19. Grilled Shrimp Skewers with Garlic Butter

These grilled shrimp skewers with garlic butter are flavorful and easy to prepare. The shrimp provides high protein, while the garlic butter adds rich, delicious flavor.

Ingredients:

  • 1 lb shrimp (peeled and deveined)
  • 2 tbsp olive oil
  • 1 tbsp garlic (minced)
  • 1 tbsp butter
  • 1 tbsp lemon juice
  • Salt and pepper to taste

Instructions:

  1. Preheat the grill to medium-high heat.
  2. Thread shrimp onto skewers, brush with olive oil, and season with salt and pepper.
  3. Grill shrimp for 2-3 minutes per side until pink and cooked through.
  4. In a small pan, melt butter and sauté garlic until fragrant. Stir in lemon juice.
  5. Drizzle the garlic butter over the grilled shrimp and serve.

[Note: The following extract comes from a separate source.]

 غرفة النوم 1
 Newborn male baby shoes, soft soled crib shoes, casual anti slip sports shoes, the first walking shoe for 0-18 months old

20. Spaghetti Squash with Chicken Alfredo

This low-carb version of chicken Alfredo uses spaghetti squash instead of pasta, creating a delicious, protein-packed, and creamy meal.

Ingredients:

  • 1 spaghetti squash
  • 2 chicken breasts (grilled and sliced)
  • 1/2 cup heavy cream
  • 1/4 cup grated Parmesan cheese
  • 1 tbsp olive oil
  • 1 garlic clove (minced)
  • Salt and pepper to taste

Instructions:

  1. Preheat the oven to 400°F (200°C). Slice spaghetti squash in half, remove seeds, and roast for 30-40 minutes until tender.
  2. While the squash is roasting, heat olive oil in a pan and sauté garlic until fragrant.
  3. Add heavy cream to the pan, bringing it to a simmer. Stir in Parmesan cheese and season with salt and pepper.
  4. Scrape the roasted squash with a fork to create noodles. Top with chicken slices and Alfredo sauce.
  5. Serve immediately.

21. Baked Cod with Lemon and Dill

This baked cod with lemon and dill is a light, protein-rich meal that’s perfect for a low-carb dinner. The lemon and dill enhance the delicate flavor of the cod.

Ingredients:

  • 2 cod fillets
  • 1 lemon (sliced)
  • 1 tbsp olive oil
  • 1 tbsp fresh dill (chopped)
  • Salt and pepper to taste

Instructions:

  1. Preheat the oven to 375°F (190°C).
  2. Place cod fillets on a baking sheet, drizzle with olive oil, and season with salt and pepper.
  3. Top with lemon slices and fresh dill.
  4. Bake for 12-15 minutes, until the fish is flaky and cooked through.
  5. Serve with steamed vegetables or a fresh salad.